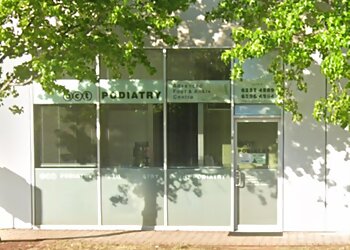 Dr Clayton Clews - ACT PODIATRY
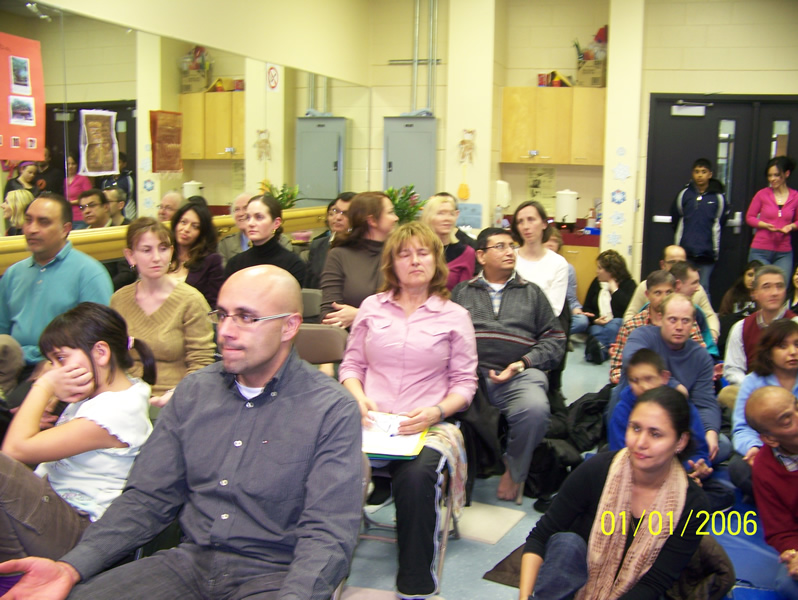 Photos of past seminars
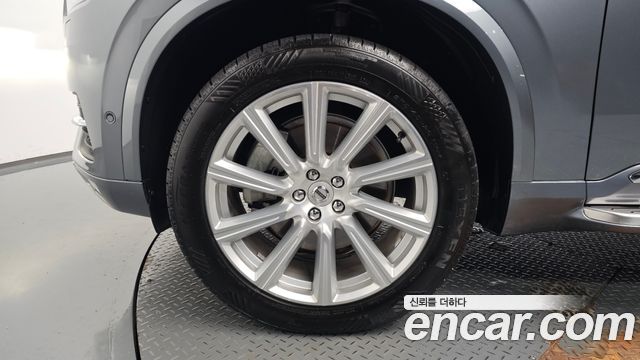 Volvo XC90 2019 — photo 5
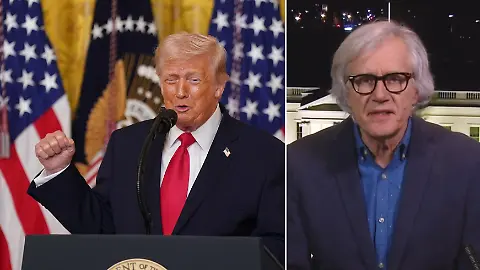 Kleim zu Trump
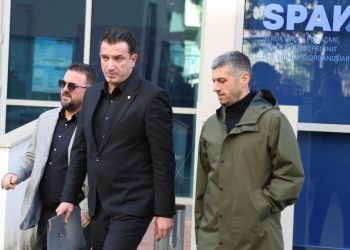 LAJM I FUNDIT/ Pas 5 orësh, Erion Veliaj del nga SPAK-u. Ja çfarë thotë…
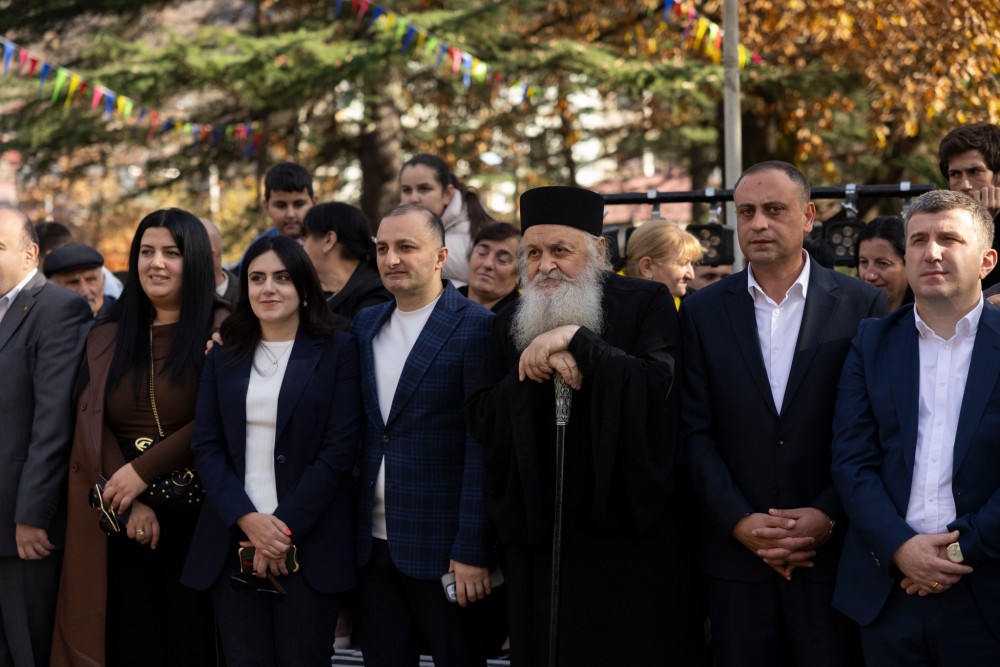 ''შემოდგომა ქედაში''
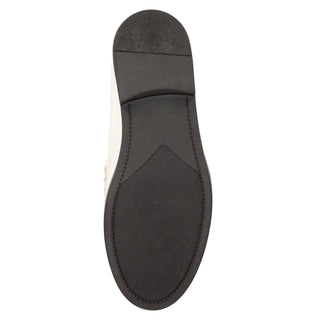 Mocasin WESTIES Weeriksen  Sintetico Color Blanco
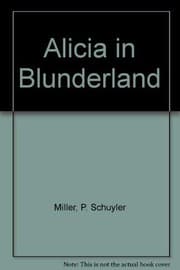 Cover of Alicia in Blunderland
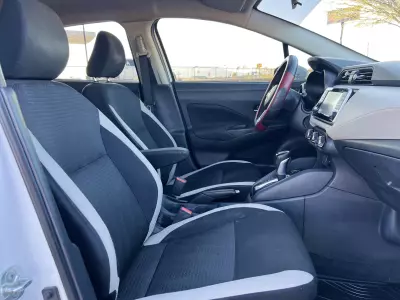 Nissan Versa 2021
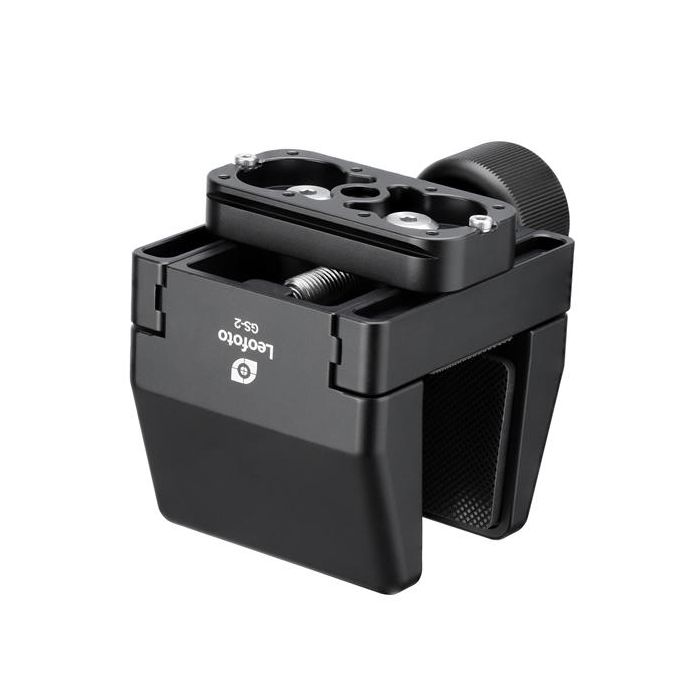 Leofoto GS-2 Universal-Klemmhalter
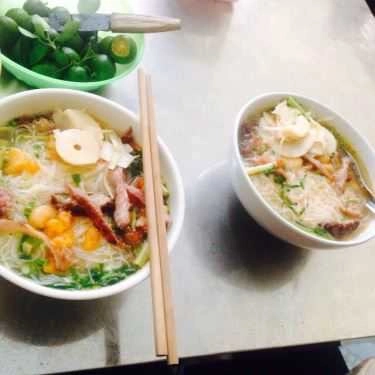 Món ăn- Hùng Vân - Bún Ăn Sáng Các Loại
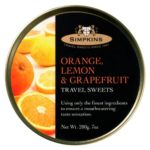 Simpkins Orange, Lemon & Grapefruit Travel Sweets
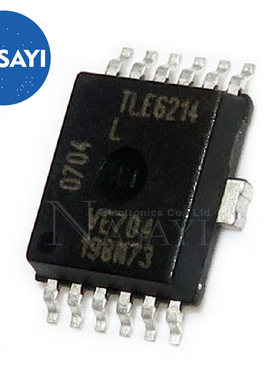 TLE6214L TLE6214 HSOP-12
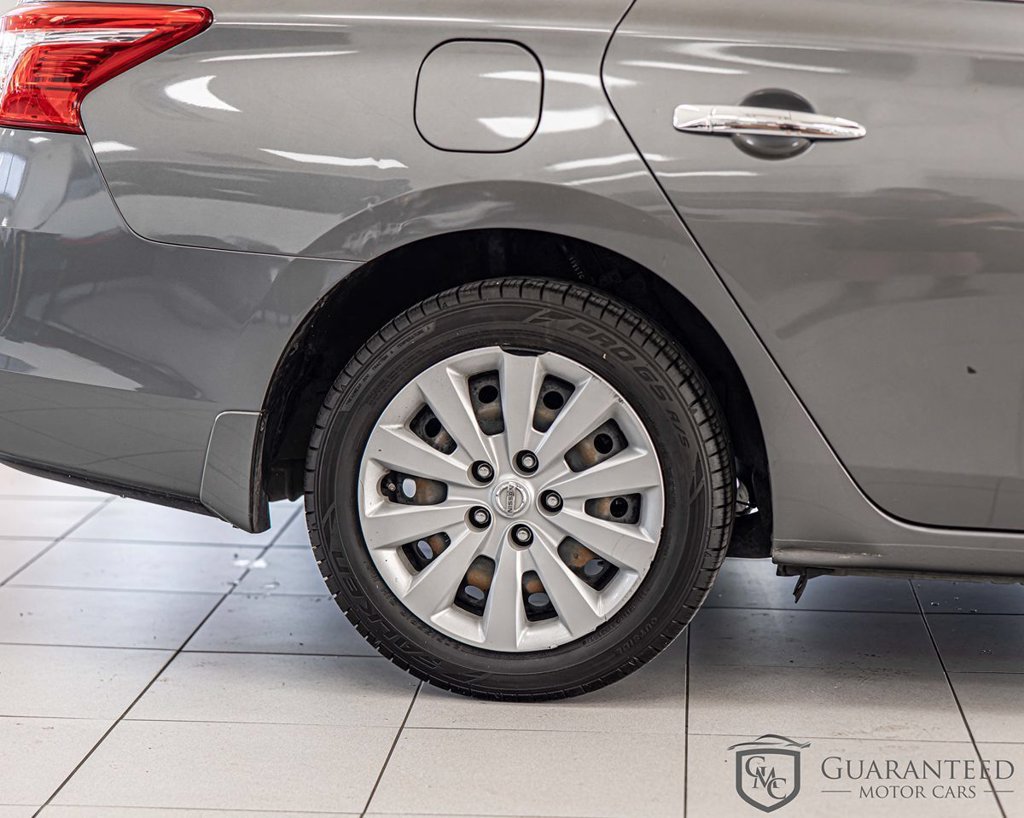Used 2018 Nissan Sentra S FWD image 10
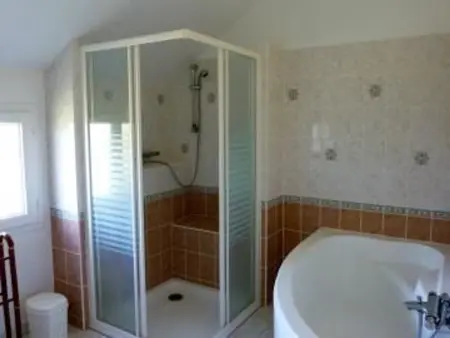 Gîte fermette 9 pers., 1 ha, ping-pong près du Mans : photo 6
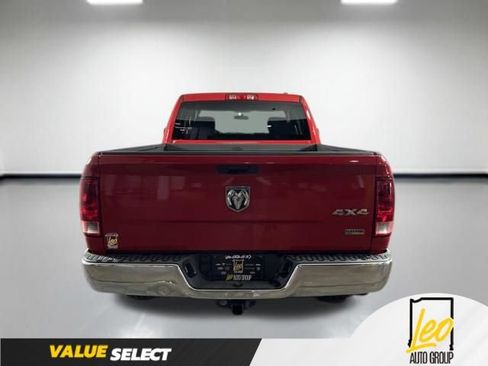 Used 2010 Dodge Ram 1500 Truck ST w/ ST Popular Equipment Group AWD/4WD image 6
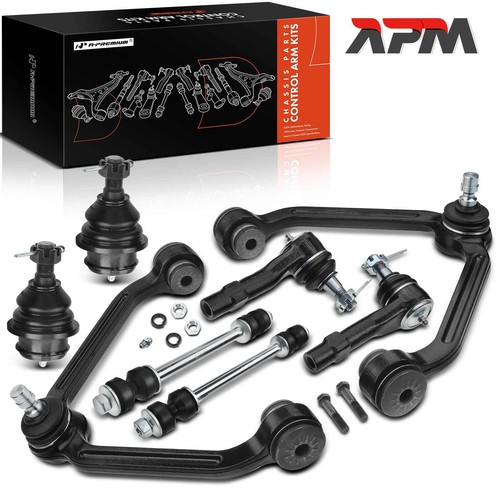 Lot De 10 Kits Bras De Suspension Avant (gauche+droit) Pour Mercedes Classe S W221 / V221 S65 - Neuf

------------------------------------

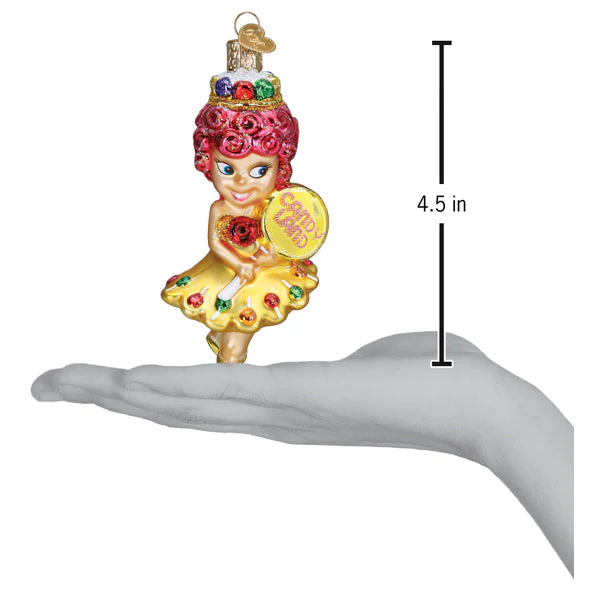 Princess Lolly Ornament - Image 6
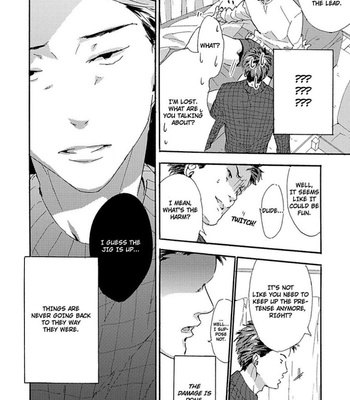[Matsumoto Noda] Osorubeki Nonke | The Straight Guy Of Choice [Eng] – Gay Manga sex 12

------------------------------------

THE TASK
When you reach the line holding "Dr Clayton Clews - ACT PODIATRY" in the listing above, begin retyping exactly, and stop once the line holding "Lot De 10 Kits" is done; pictures stay out.

THE COMPLETED TASK
 Dr Clayton Clews - ACT PODIATRY
 Photos of past seminars
 Volvo XC90 2019 — photo 5
 Kleim zu Trump
 LAJM I FUNDIT/ Pas 5 orësh, Erion Veliaj del nga SPAK-u. Ja çfarë thotë…
 ''შემოდგომა ქედაში''
 Mocasin WESTIES Weeriksen  Sintetico Color Blanco
 Cover of Alicia in Blunderland
 Nissan Versa 2021
 Leofoto GS-2 Universal-Klemmhalter
 Món ăn- Hùng Vân - Bún Ăn Sáng Các Loại
 Simpkins Orange, Lemon & Grapefruit Travel Sweets
 TLE6214L TLE6214 HSOP-12
Used 2018 Nissan Sentra S FWD image 10
 Gîte fermette 9 pers., 1 ha, ping-pong près du Mans : photo 6
 Used 2010 Dodge Ram 1500 Truck ST w/ ST Popular Equipment Group AWD/4WD image 6
 Lot De 10 Kits Bras De Suspension Avant (gauche+droit) Pour Mercedes Classe S W221 / V221 S65 - Neuf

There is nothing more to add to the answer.